I think I've probably always known, but I was living in denial - a state of subconscious denial for most of my life, with rare moments of clarity followed by a conscious effort to push away unwelcome thoughts and feelings.
But at 27, I finally (soberly) acknowledged that I
might be attracted to women. Of course, I still wasn't ready to say "gay." I wasn't even ready to say "bisexual." But I decided I could admit to maybe possibly kinda being bicurious. So, on New Years Day, I typed "bicurious" into my google search bar and found a support website for bisexual/bicurious women. Scared out of my mind, I created a new email account so that I could sign up for this site in secret. I wrote my first post in the welcome forum, titled "New and a Little Nervous" (though it should have said "New and Absolutely Shitting My Pants!!!")

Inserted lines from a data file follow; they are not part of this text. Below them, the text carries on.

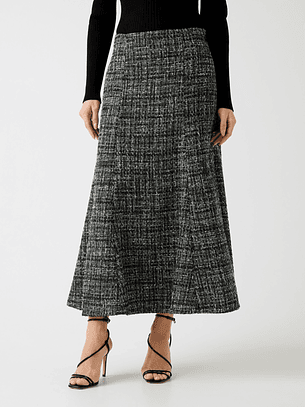 Saia GEA Comprida em Tweed Preto e Branco - Guess Marciano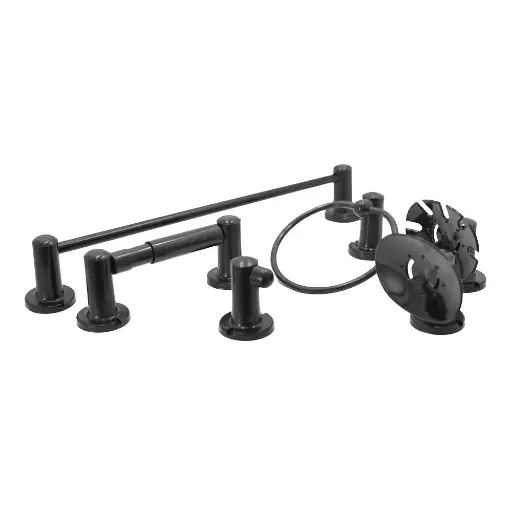 [5393NK] Accesorios Baño 6 Piezas Negro Uduke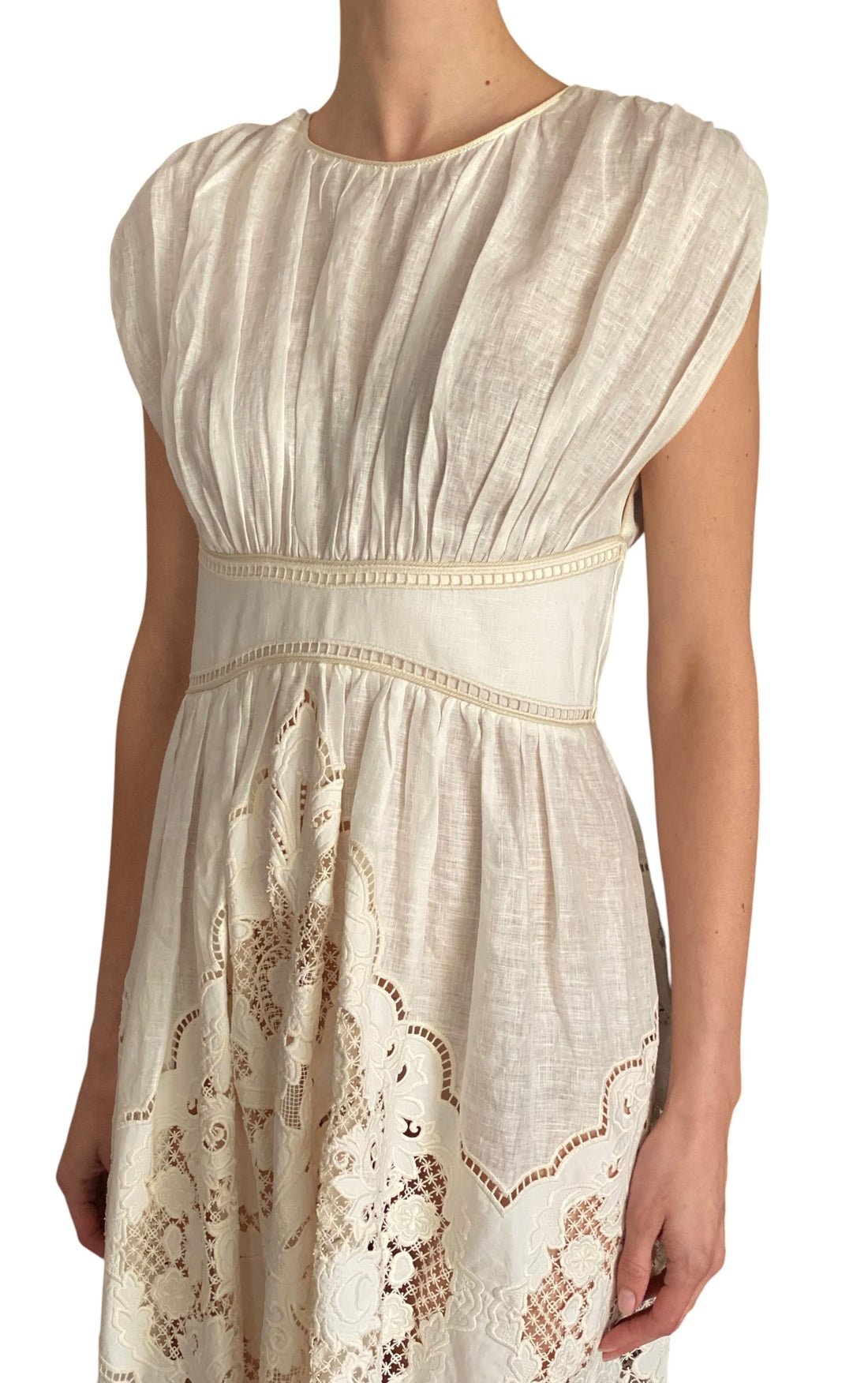 Zimmermann Beige “Daylight” Broderie Linen Gown - 1 / US 4-6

That day changed my life - nothing will
ever be the same. In the 5 months and 28 days since I joined this site, affectionately known as "shy," my life has changed to no end. I don't think I could put it better than I already have, so here is my latest "about me" on shybi:
It has taken me 28 years to become comfortable with who I am. For years I pushed away thoughts of women, certain I couldn't be gay. For years I haven't felt like my true self, have dealt with depression and an unexplainable feeling of worthlessness. It took me 27 years to even admit to being "bicurious," and even then I did so under a cloak of shame. In the 5 months since joining shy, I've grown so much. I've gained so much self-confidence, accepted that I'm not bicurious, not bisexual, and actually EMBRACED myself as a lesbian, I've even come out to family and friends and all of Facebook. I've never felt more confident or comfortable about who I am. And of course, I fell head over heels in love with the beautiful Callie T. My world will never be the same, and for that I am eternally grateful.
This blog will chronicle my journey coming to terms with my sexuality and life after coming out. Welcome aboard!